Ten years ago, I was a ball full of nerves and excitement as we finished up the final touches at the church and prepared for the rehearsal dinner for our wedding. I was spending my last day as PBR, and I was so excited at the lifetime God had ahead of me. I was SOOO young, a bit naive I'm sure, but completely confident that this was God's plan for my life. People would ask me why I was getting married so young when there was so much life yet to be experienced. (I was just 20.) My response became something along these lines: "I believe God has a great plan for each of our lives, but I believe He can accomplish His will for my life more fully by placing me with this amazing man to be my spiritual leader, partner in ministry, and partner in life." I have thought of that statement many times and still cling to its truth-over and over again I have seen how God has drawn Michael and I closer together as a couple to be able to accomplish His will in a much greater sense than we ever could have done on our own. Don't get me wrong-this has nothing to do with us! It's all about what God has chosen to do through us, and we are so humbled, grateful, and blessed by his plan and His path for our family!
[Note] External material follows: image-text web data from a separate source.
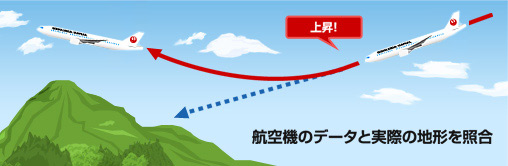 航空機のデータと実際の地形を照合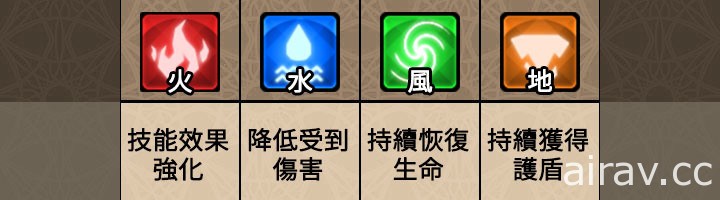 《放置地下城 Idle Dungeon》公開系統特色介紹 菁英刪檔封測進行中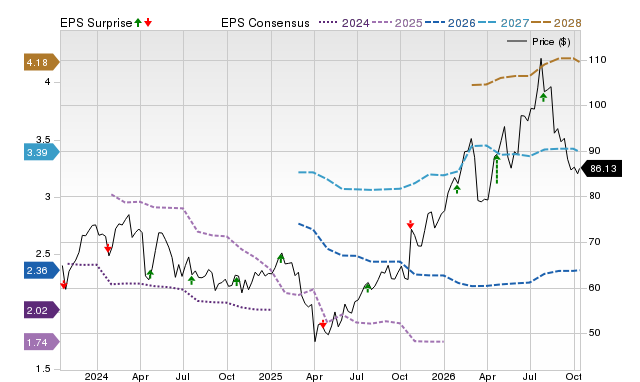Price, Consensus and EPS Surprise Chart for HXL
Five years ago, we celebrated 5 years of marriage by going out to dinner...with our newborn daughter. And now that another 5 years has passed, God has blessed us with another child! (I will be honest and say I hope He will bless us with another before the next 5 years rolls around tho;-) to celebrate our "diamond anniversary" we took a getaway to the Gaylord. Was it nice to be able to sleep undisturbed throughout the night? Yes! Was it nice to go out to dinner and it be just the two of us? Yes! Is it nice to just follow our own schedule of what we want to do? Yes! (Although during these times of being without the kids, we talk about them constantly!) But the reason these rare times are enjoyed so much is because of the blessing we have been given of being parents. DH and I have done a LOT of traveling since we were married, having lived so far away from most of our family for so long, but we've always enjoyed our times in the car together to just be able to visit and laugh and dream with one another. It's funny to see how our conversations are now, ten years into our marriage. We weren't just visiting and laughing and dreaming with one another about one another on this trip. Instead, we were talking about our kids, laughing at the silly things they say and do and the ways they make us smile, and dreaming of what God will have them be in their lives. With each thing that we see on our getaway, I find myself saying, "Wouldn't Lucy love this?" Or "I wonder what Gabriel's reaction to this would be?"
All of that being said, I'm just filled with so much thankfulness today that God has placed me on this path for my life as a traveler alongside such an amazing man I get to call my DH.
Happy "diamond" anniversary to the love of my life!!